A Clinical Psychologist Digs into DARK PHOENIX, Jean Grey, and Fandom

Dark Phoenix marks the end of an era—the sweeping finale for one of the longest-running and most successful superhero franchises in film history. It also marks the second time that filmmakers have attempted to adapt the comics’ “Dark Phoenix” storyline, an adventure that combines the infinite and the intimate as Jean Grey fights for control of her mind after absorbing an unimaginably powerful cosmic force.

Dealing with these kinds of journeys—the treatment of a character’s interior life, and the end of their story altogether—has become an increasingly difficult challenge to navigate for fans who immerse themselves thoroughly and passionately in the fictional worlds of their favorite franchises. But professionals like licensed clinical psychologist Dr. Andrea Letamendi insist that these experiences and our subsequent attachments amount to much more than escapism or wish fulfillment; rather, they provide the building blocks, and opportunities to practice dealing with real-life trauma and loss.

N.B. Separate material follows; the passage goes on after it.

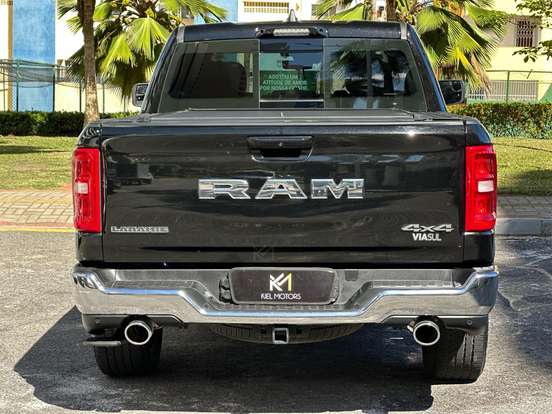 RAM-1500-2024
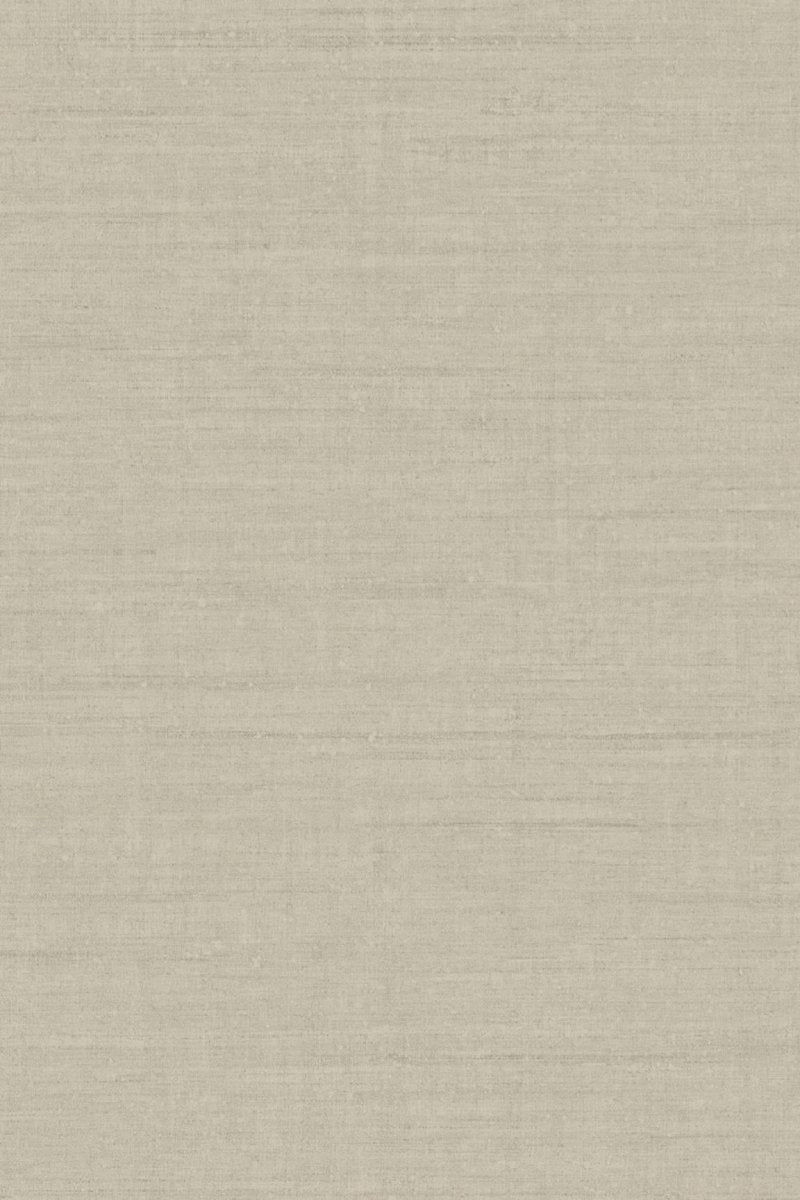 ARTE Flemish Flax Flemish Flax 67728 - LAB COLOUR THE WORLD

Moreover, they encourage our understanding and empathy of life experiences that may not be like our own, and more importantly, our acceptance of choices made that we may fundamentally disagree with.

Letamendi, who also runs the Arkham Sessions podcast focusing on the psychological underpinnings of Batman: The Animated Series, recently spoke with Nerdist about the treatment of Jean Grey in Dark Phoenix, the ending of the X-Men series’ almost 20-year run, the complex relationships that fans have with the properties they care strongly and vividly about, and the emotional pitfalls and opportunities of investing in fictional characters and narratives as a way to prepare oneself for the bigger challenges of reality.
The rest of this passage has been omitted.